I've tried looking through meta questions to find where the change in site scope was discussed, but haven't found much. The biggest change in site scope I see on meta is the Six Subjective Question Guidelines — Enforcement Notice, which doesn't really discuss site scope at all other than rules for subjective questions.

If this was a community-decision, I would expect there to be a lot of meta questions related to the site scope change. If this was an executive decision, I would expect to see some kind of notice posted that got a lot of attention. Maybe I'm just using the wrong keywords in my meta searches.

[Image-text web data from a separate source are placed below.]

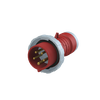IP67 3PN+E straight cable plug,16A 400V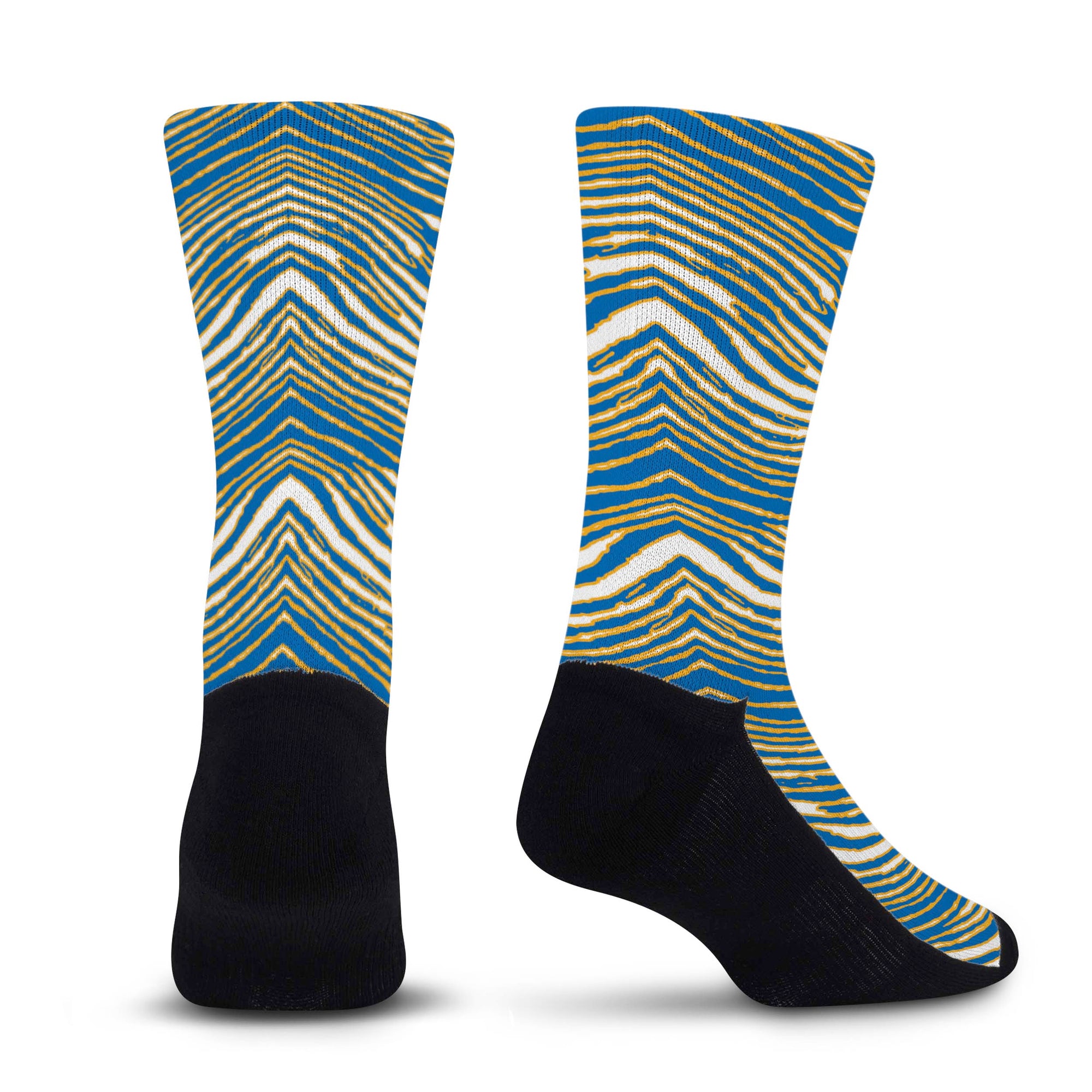 Los Angeles Chargers Zubaz Fever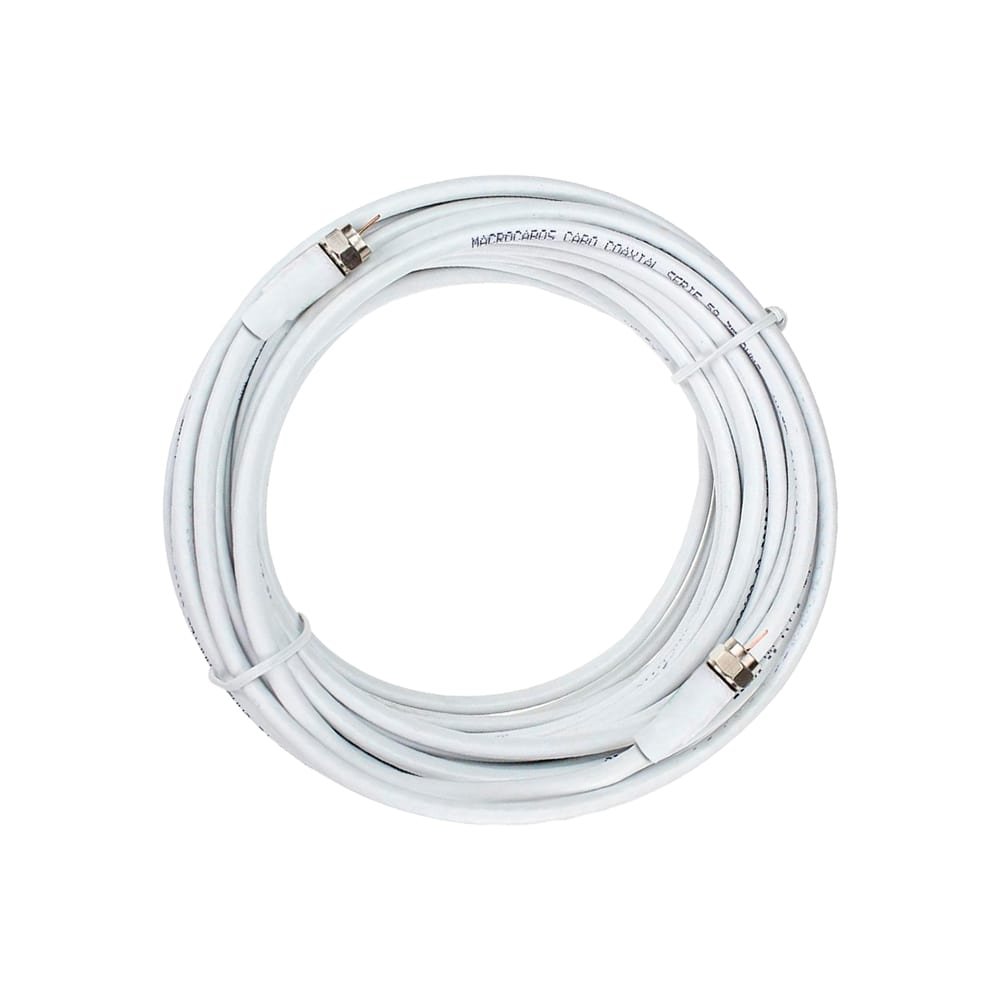 Kit Antena Aquário KU DTH-9060 com Receptor Digital +Cabo Coaxial+LNBF Universal 60cm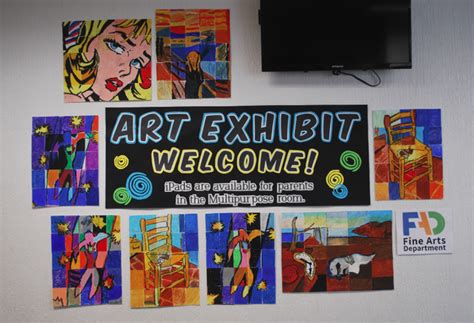 Arts Advocacy in the School Environment and Ideas for Effective Student Art Exhibits - Erika ...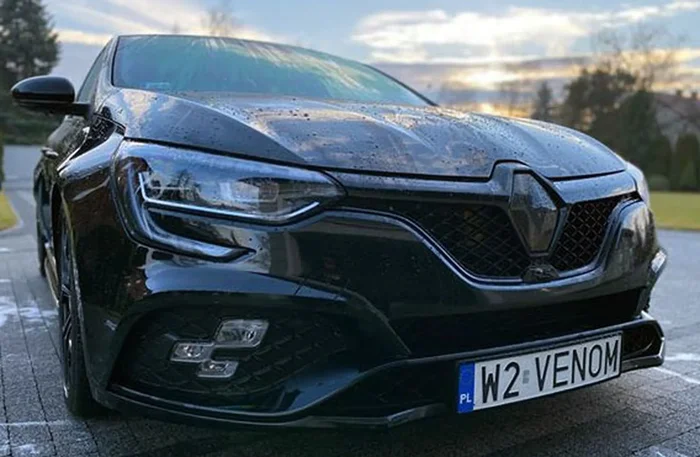 Fajny numer, blacha W2 VENOM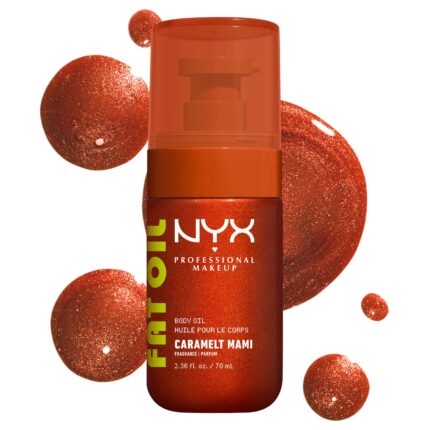NYX PROFESSIONAL MAKE UP FAT OIL body spray #Caramel Mami 1 u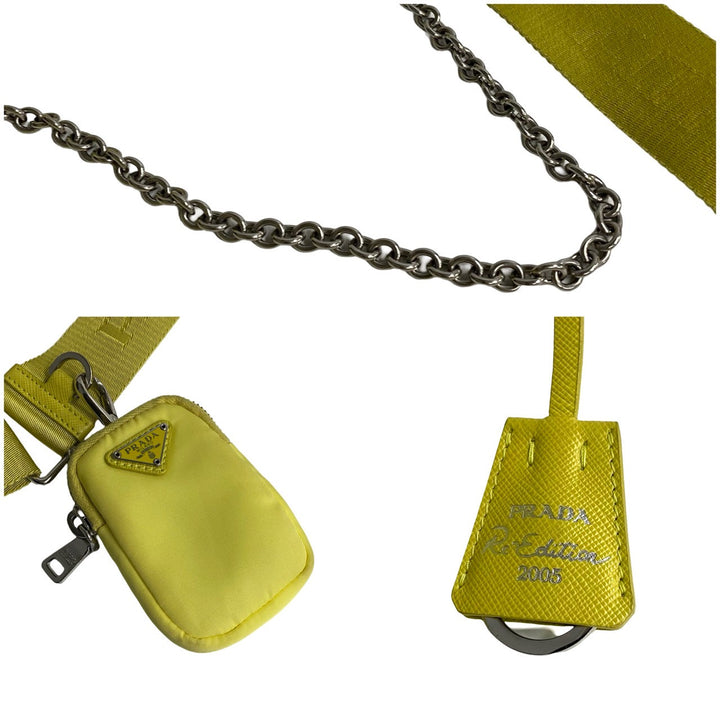 shoulder bag prada reedition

Can someone explain the history of how this site changed from the original "Not-Programming-Related" proposal to be a site for programmers about issues not directly related to programming, to the current site scope of "conceptual questions about software development"?

Update

Mark's answer provides the timeline I was looking for, along with some great links, however Walter's comment pretty much sums it up:

There really wasn't discussion on Meta about the site change, it was an edict from above saying this must change... and so it did

This can further be seen in the links Mark provides where site scope was discussed on P.SE meta, and the general consensus was not to change anything, other than to crack down on some of the nonsense questions that just had "as a programmer" tacked on. To quote Mark:

A few days ago, I created the question, "How can we avoid Programmers.SE from becoming the SE black sheep?". There, the consensus was to not change anything. Unfortunately, SOIS has spoken, and it looks like that sentiment will not be able to sustain the site.

While I am disappointed in this, at least now I know where the change came from.

I actually didn't realize the change in site scope went that far back, because I never saw any kind of announcement telling us that NPR was no longer going to be tolerated. The only thing I saw was an announcement about subjective questions guidelines, which I thought was the attempt to crack down on the "as a programmer" nonsense questions, and many subsequent battles on meta over site scope where it seemed the users had one opinion, and the moderators had another.

I did see the blog post when P.SE finally left beta, however I thought it was merely trying to advertise the more constructive side of P.SE, not that the NPR side was no longer valid.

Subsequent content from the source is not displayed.